Thälmann lehnte die Aufrüstung entschieden ab. Für ihn war klar, dass eine Militarisierung Deutschlands unweigerlich zu einem neuen Krieg führen würde. Seine Partei, die KPD, sah die wirtschaftlichen Krisen der Weimarer Republik als direkte Folge kapitalistischer Strukturen und forderte deren Umsturz. Besonders scharf kritisierte er den Versailler Vertrag und den Jungplan, die aus seiner Sicht Deutschland in eine wirtschaftliche Abhängigkeit zwangen und die Arbeiterklasse weiter belasteten.
Auffällig an seiner Rede sind jedoch auch nationalistische Untertöne. Parolen wie „Deutschland erwache!“ zeigen, dass die KPD nicht nur sozialistische, sondern auch national-revolutionäre Kräfte ansprechen wollte.

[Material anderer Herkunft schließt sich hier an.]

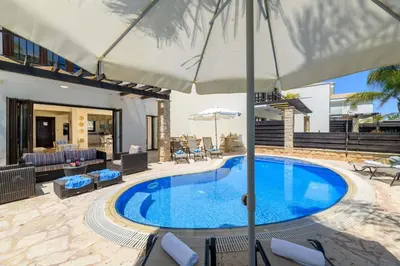 a swimming pool with an umbrella in a yard at Villa Greco Mare #6 in Protaras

In der Weimarer Republik konkurrierte die KPD mit der NSDAP um die Unterstützung der Unterschicht, wodurch rhetorische Ähnlichkeiten entstanden.
Der Film Ernst Thälmann – Führer seiner Klasse, der in den 1950er Jahren in der DDR produziert wurde, stellt Thälmann als unerschütterlichen Kämpfer für die Arbeiterklasse dar. Dabei folgt die Darstellung einem klaren Narrativ: Thälmann wird als Held inszeniert, während seine Gegner als Unterdrücker erscheinen. Tatsächlich war Thälmann eine umstrittene Figur. Seine enge Bindung an die Sowjetunion und an Stalin brachte ihm nicht nur Zustimmung, sondern auch Kritik ein.
Ernst Thälmann – Führer seiner Klasse ist ein historisch-biographischer Film der DDR-Filmproduktionsgesellschaft DEFA, der 1955 unter der Regie von Kurt Maetzig entstand. Im Jahr 1954 erschien der erste Teil Ernst Thälmann – Sohn seiner Klasse. Beide Filme dienten als zentrale Elemente der sozialistischen Geschichtsschreibung der DDR und sollten Thälmann als Märtyrer und Vorbild für die Arbeiterbewegung inszenieren.
Die Rede im Film basiert zwar auf den realen politischen Positionen Thälmanns, ist jedoch stark dramaturgisch überhöht. Die KPD nutzte eine Mischung aus Klassenkampf- und nationalen Argumenten, um Wähler zu gewinnen. In der DDR wurde Thälmann gezielt als Held stilisiert, eine Darstellung, die die historische Komplexität seiner Figur oft überging.